MightyPirates / OpenComputers

Home of the OpenComputers mod for Minecraft.
https://oc.cil.li
Other
1.59k stars 431 forks source link

SIGSEGV (0xb) at pc=0x00000000000099a6 with native lua interpreter on server (linux) #436

Closed phoxmeh closed 10 years ago

phoxmeh commented 10 years ago

I can reproduce this a lot and it's quite inconsistent sometimes. I'm on linux running the latest java version (also tried previous versions back to 7u55) and I get this seg fault on the server I run. It seems to mainly happen only when I'm running any other minecraft server and/or client on the same machine. As expected everything works when forcing LuaJ but when using the native interpreter it causes an inconsistent crash (works for a few days and then constantly crashes and then stops crashing and works again with the native interpreter) I'm running it with other mods from the CrackPack on the atlauncher. It always reports "SIGSEGV (0xb) at pc=0x00000000000099a6"

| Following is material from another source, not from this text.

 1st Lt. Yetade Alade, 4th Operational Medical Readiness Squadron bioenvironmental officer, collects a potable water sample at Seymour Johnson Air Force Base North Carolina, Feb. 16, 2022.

Here is a link to the hs_err I got when trying to get it working last time: http://pastie.org/private/w3mgfabfkivvqzcab8bgcg I've tried both openjdk and oracle java, both have the same issue.

fnuecke commented 10 years ago

Thanks for the report.

Does this have the same stacktrace whenever it happens (i.e. the last Java frame being com.naef.jnlua.LuaState.lua_isthread) or does that vary?

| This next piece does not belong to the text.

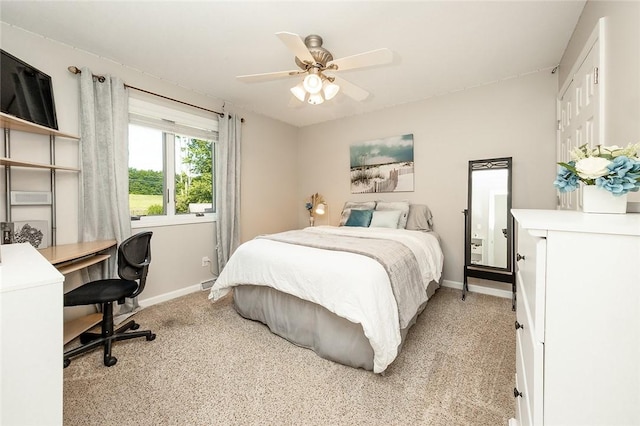 652 Cheyenne Trl, Jackson Twp, PA 16137 - bedroom featuring an office area, light carpet, and ceiling fan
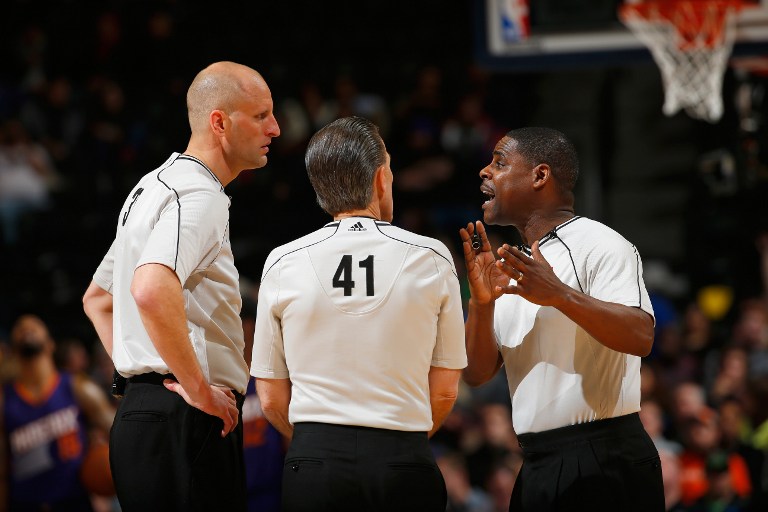 L-R) Referees Eric Dalen #37, Ken Mauer #41 and Leroy Richardson #20 talk as they oversee the action between the Phoenix Suns and the Denver Nuggets at Pepsi Center on February 25, 2015 in Denver, Colorado. The Suns defeated the Nuggets 110-96. NOTE TO USER: User expressly acknowledges and agrees that, by downloading and or using this photograph, User is consenting to the terms and conditions of the Getty Images License Agreement. Doug Pensinger/Getty Images/AFP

Also, could you check the used native lib is the 'right' one (...-native.64.so from the looks of it)? The code to determine which one to use got so bloated I decided to just have it try each one until one works, but it may be that causes unexpected side effects... have you seen this in an OC version pre 1.3.0 / build 505?

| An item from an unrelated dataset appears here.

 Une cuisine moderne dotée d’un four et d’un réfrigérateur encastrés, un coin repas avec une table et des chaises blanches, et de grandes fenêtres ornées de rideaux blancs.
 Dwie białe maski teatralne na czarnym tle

fnuecke commented 10 years ago

Oh, also, to narrow down the source of the issue a bit, could you try to reproduce it after changing the following config options (ideally one by one, to narrow it down even further, but feel free to start with enabling all to see if any of them do anything) - disableUserdata, disablePersistence, disableMemoryLimit. As the names indicate (and the comments in the config), these lead to reduced functionality, but it'd help me a lot to get an idea of where to start looking. Thanks!

XDjackieXD commented 10 years ago

I got the same problem running a dedicated server on ubuntu 64-bit (computers - most of the time - crash the server with a sigfault when turned on or loaded on server start). Enableing LuaJ fallback solves it. I will try these settings in a minute.

Update: Disabeling persistence seems to solve the problem... (after several restarts of the computers and the Minecraft server it crashed not a single time)

phoxmeh commented 10 years ago

It looks like a lot of them end at com.naef.jnlua.LuaState.lua_newstate. I've tried disabling disableMemoryLimit but not the other two. The Library seems to be the correct one loading. This has been an issue since 1.3 (although I didn't have any versions before that on a server)

@XDjackieXD And the persistence is my favourite features too! XD

Also disabling the persistence has not helped me. I've tried disabling userdata and the memory limit (and all at once) and I get the same result.

XDjackieXD commented 10 years ago

@phoxmeh yeah persistance is a really cool feature...

@fnuecke when having persistanec enabled and loading a world with a computer in the on-state the error happens at "com.naef.jnlua.LuaState.lua_newstate(IJ)V+0" (according to the hs_err_pidxxxx.log)

fnuecke commented 10 years ago

If this is reproducible for a certain world, would it be possible for you to send me either the <savedir>/opencomputers/state folder or the whole world? Maybe I can reproduce it with that and get some more info out of the crash. Thanks!

phoxmeh commented 10 years ago

Mine still crashes unless I force it to use LuaJ :/ which is strange since it was working perfectly fine with the native library for some time before I went to reboot the server.

I don't have any data under any of the .../opencomputers/state sub-directories. My current world is about 900+MB uncompressed. I could compress it to an archive you prefer (unless you don't mind a tar.7z archive since that's how I backup) and send you a copy.

fnuecke commented 10 years ago

I don't have any data under any of the .../opencomputers/state sub-directories.

That's interesting, actually, since that points to something being broken in JNLua, not in Eris (which might still be my fault, ofc [/disclaimer]). The world should be pretty irrelevant then, but thanks for offering! I'll try rebooting my test server a bunch of times, will see if something pops up.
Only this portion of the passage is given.